Editors Reads Verdict
A brilliant, slightly strange debut — the premise is whimsical but the execution is precise and elegant. The portrait of a certain kind of expatriate Rome is never bettered.
What We Loved
- Elegant debut prose
- Intriguing mythological conceit
- The Rome setting is beautifully realised
Minor Drawbacks
- Slight and whimsical compared to later work
- The mythological framing may not suit all readers
Key Takeaways
- → Rome as a place outside time
- → The persistence of the old gods in the modern world
- → American innocence encountering European complexity
| Author | Thornton Wilder |
|---|---|
| Publisher | Harper Perennial |
| Pages | 222 |
| Published | January 1, 1926 |
| Language | English |
| Genre | Literary Fiction, Mythological Fiction |
| Difficulty | Intermediate |
| Best For | Readers interested in Wilder's complete work or in literary fiction set in expatriate Rome |
A young American writer arrives in Rome in the 1920s and finds himself drawn into the circle of a small, secretive aristocracy — wealthy, ancient, and strange.
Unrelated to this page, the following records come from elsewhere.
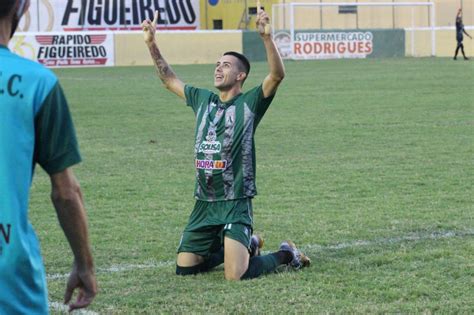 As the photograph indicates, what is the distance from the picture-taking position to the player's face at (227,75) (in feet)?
23.1

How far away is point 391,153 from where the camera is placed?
43.0ft

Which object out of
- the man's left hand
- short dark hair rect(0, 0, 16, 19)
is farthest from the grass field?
short dark hair rect(0, 0, 16, 19)

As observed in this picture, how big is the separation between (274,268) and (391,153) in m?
6.65

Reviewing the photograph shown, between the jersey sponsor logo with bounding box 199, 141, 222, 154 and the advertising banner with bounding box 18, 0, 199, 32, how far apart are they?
138 ft

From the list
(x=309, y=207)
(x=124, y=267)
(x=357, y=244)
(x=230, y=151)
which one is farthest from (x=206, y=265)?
(x=309, y=207)

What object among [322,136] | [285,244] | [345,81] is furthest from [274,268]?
[345,81]

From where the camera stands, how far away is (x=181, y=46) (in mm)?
42969

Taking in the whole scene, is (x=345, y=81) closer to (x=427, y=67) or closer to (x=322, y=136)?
(x=427, y=67)

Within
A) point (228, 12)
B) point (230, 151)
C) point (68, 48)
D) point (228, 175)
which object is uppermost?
point (228, 12)

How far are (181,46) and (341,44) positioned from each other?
24.0ft

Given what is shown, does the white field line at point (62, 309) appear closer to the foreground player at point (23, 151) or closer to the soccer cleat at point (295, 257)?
the soccer cleat at point (295, 257)

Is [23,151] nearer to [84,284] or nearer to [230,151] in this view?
[84,284]

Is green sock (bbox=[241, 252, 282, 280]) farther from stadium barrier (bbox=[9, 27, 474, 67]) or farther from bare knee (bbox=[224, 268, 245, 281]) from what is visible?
stadium barrier (bbox=[9, 27, 474, 67])

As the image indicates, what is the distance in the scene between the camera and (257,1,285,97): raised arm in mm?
6402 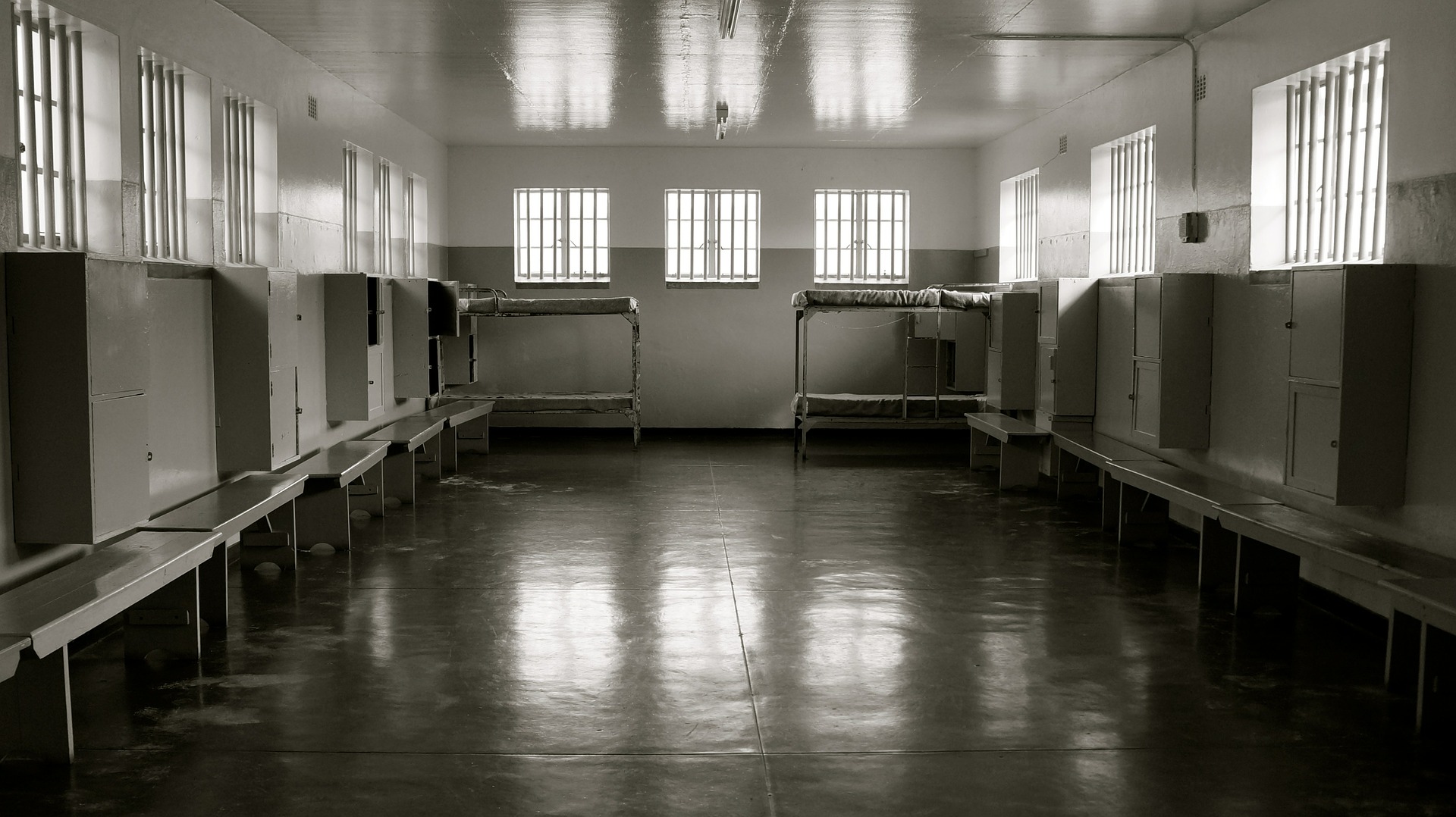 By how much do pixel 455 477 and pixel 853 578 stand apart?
4.61 meters

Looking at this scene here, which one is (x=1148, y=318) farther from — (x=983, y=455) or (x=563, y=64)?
(x=563, y=64)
As he comes to know them better, he begins to wonder if these figures, with their archaic manners and their otherworldly concerns, might be something more than eccentric nobles: might they be the old gods of Olympus, living out their diminished immortality in the city that was once theirs?
The Cabala is Thornton Wilder’s debut novel, published in 1926, and it announces a distinctive sensibility: elegant, classical, interested in the relationship between the ancient world and the modern, gently ironic about American innocence confronting European depth. The Rome of this novel is a city outside time — the same streets walked by Caesar and Virgil, still inhabited by forces that don’t quite belong to the 20th century.
The mythological conceit is handled lightly — Wilder never insists on it, and it remains ambiguous throughout. What is clear is his gift for creating a world of immense civility and concealed suffering, and his ability to render Rome as a place where the weight of history is physically present. As a debut it is remarkable; as a Wilder novel it prepares the reader for everything that follows.
Reading Guides
Frequently Asked Questions
What is "The Cabala" about?
Thornton Wilder's debut novel — a young American writer arrives in Rome and is drawn into the orbit of a secretive aristocratic circle whose members may be the old gods of Olympus in disguise.
Who should read "The Cabala"?
Readers interested in Wilder's complete work or in literary fiction set in expatriate Rome
What are the key takeaways from "The Cabala"?
Rome as a place outside time The persistence of the old gods in the modern world American innocence encountering European complexity
Is "The Cabala" worth reading?
A brilliant, slightly strange debut — the premise is whimsical but the execution is precise and elegant. The portrait of a certain kind of expatriate Rome is never bettered.